PSOL oficializa a candidatura de Plínio.

O Partido Socialismo e Liberdade protocolou ontem (5 de julho), no Tribunal Superior Eleitoral (TSE), o pedido de candidatura de Plínio Arruda Sampaio à Presidência da República. O ministro do TSE relator do processo é Arnaldo Versiani e a oficialização da candidatura contém o registro do programa de governo e a declaração de bens do candidato e do vice. Plínio declarou um total de 2,1 milhões de reais, acumulados durante seus quase oitenta anos de vida e compostos de alguns imóveis e aplicações bancárias. Já o vice Hamilton Assis declarou possuir um patrimônio de 19 mil (um carro).
Além disso, foi declarado que o partido terá como limite de gastos na campanha o valor de 900 mil reais, valor este que pode até não ser integralmente gasto já que o PSOL não aceitará em sua campanha doações de bancos, multinacionais, empresas com passivos ambientais ou trabalhistas e empreiteiras. O dinheiro da campanha virá basicamente de doações de militantes e apoiadores, atividades financeiras organizadas pela candidatura, do próprio candidato e do comitê financeiro do PSOL.

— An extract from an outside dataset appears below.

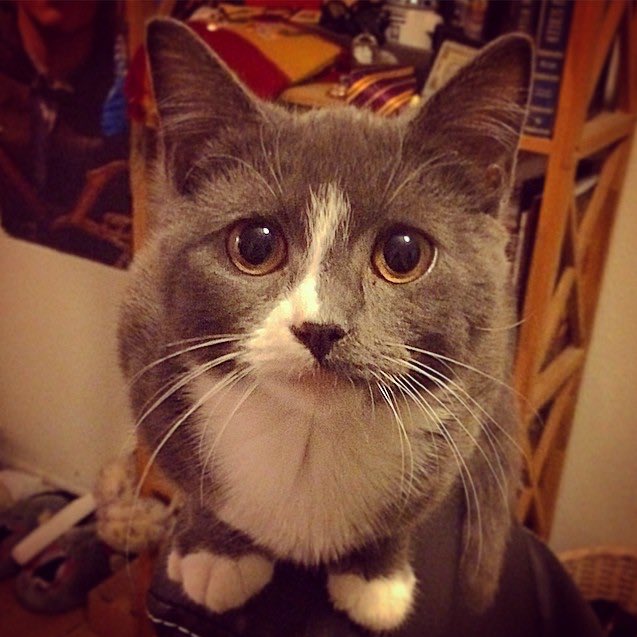 skummelhummel's tweet photo. @CuteCatsCo @TwitchBrotatoe talking about cute cat eyes... I raise you this... https://t.co/xqzpYfLOgd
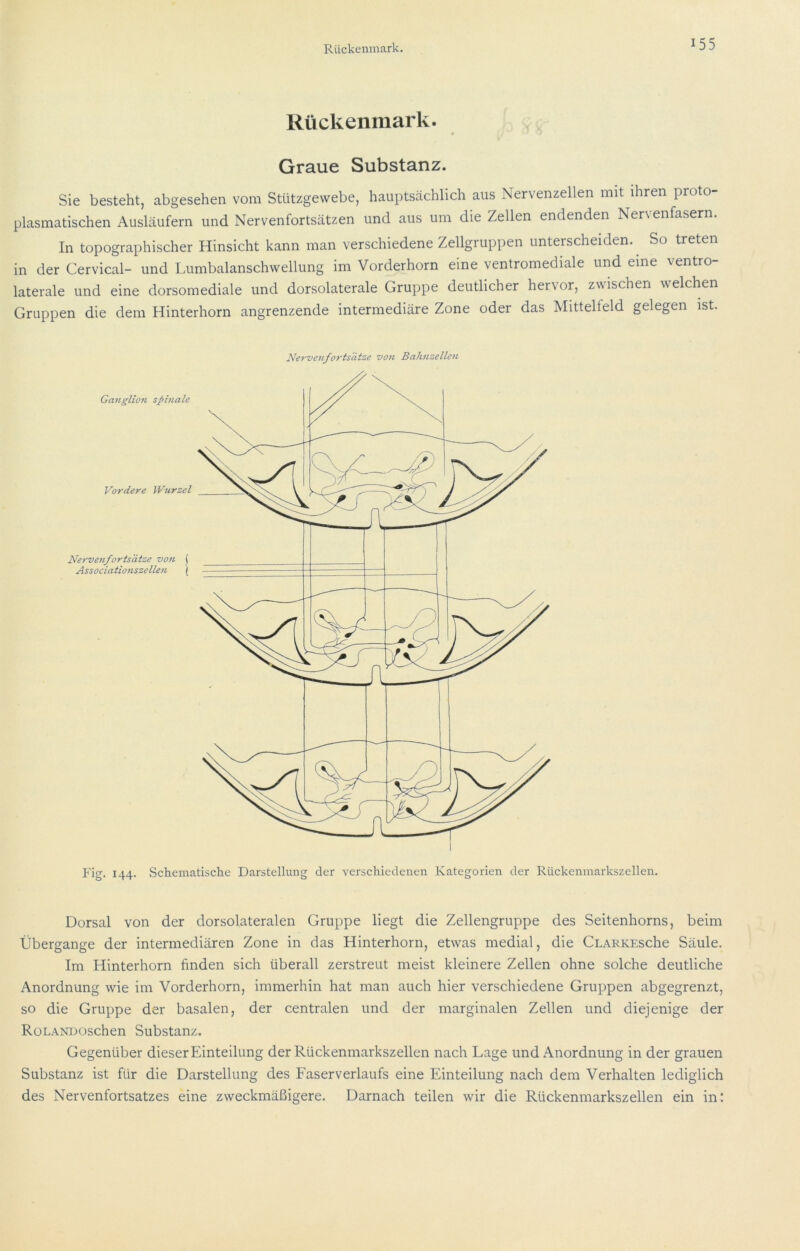 Rückenmark. « Graue Substanz. Sie besteht, abgesehen vom Stützgewebe, hauptsächlich aus Nervenzellen mit ihren proto- plasmatischen Ausläufern und Nervenfortsätzen und aus um die Zellen endenden Nervenfasern. In topographischer Hinsicht kann man verschiedene Zellgruppen unterscheiden. ^ So treten in der Cervical- und Lumbalanschwellung im Vorderhorn eine ventromediale und eine ventro- laterale und eine dorsomediale und dorsolaterale Gruppe deutlicher hervor, zwischen welchen Gruppen die dem Hinterhorn angrenzende intermediäre Zone oder das Mittelfeld gelegen ist. Nervenfortsdtze von Bahnzellen Fig. 144. Schematische Darstellung der verschiedenen Kategorien der Rückenmarkszellen. Dorsal von der dorsolateralen Gruppe liegt die Zellengruppe des Seitenhorns, beim Übergange der intermediären Zone in das Hinterhorn, etwas medial, die CLARKESche Säule. Im Hinterhorn finden sich überall zerstreut meist kleinere Zellen ohne solche deutliche Anordnung wie im Vorderhorn, immerhin hat man auch hier verschiedene Gruppen abgegrenzt, so die Gruppe der basalen, der centralen und der marginalen Zellen und diejenige der RoLANDOschen Substanz. Gegenüber dieser Einteilung der Rückenmarkszellen nach Lage und Anordnung in der grauen Substanz ist für die Darstellung des Faserverlaufs eine Einteilung nach dem Verhalten lediglich des Nervenfortsatzes eine zweckmäßigere. Darnach teilen wir die Rückenmarkszellen ein in!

Apesar da grande mídia ter destacado que Plínio declarou um valor alto de bens, o PSOL destaca que o orçamento da campanha é bem menor que os dos três candidatos que ocupam o primeiro lugar nas pesquisas. Dilma Rousseff (PT) declarou ter um patrimônio de 1 milhão de reais em bens, mas prevê R$ 157 milhões em gastos de campanha. José Serra (PSDB) calcula gastar R$ 180 milhões e soma R$ 1, 4 milhão em bens. E Marina Silva informou como teto de despesas a quantia de R$ 90 milhões, com patrimônio de R$ 149 mil. Obviamente, a discrepância entre o patrimônio dos candidatos e seus orçamentos de campanha só se justifica pelas altas somas de financiamento privado, combatido pelo PSOL por ser uma das portas de entrada para os esquemas de corrupção. O Partido Socialismo e Liberdade e a campanha Plínio defendem o financiamento público exclusivo de campanhas para que os governantes e legisladores não fiquem ama rrados a compromissos privados enquanto exercem cargos públicos.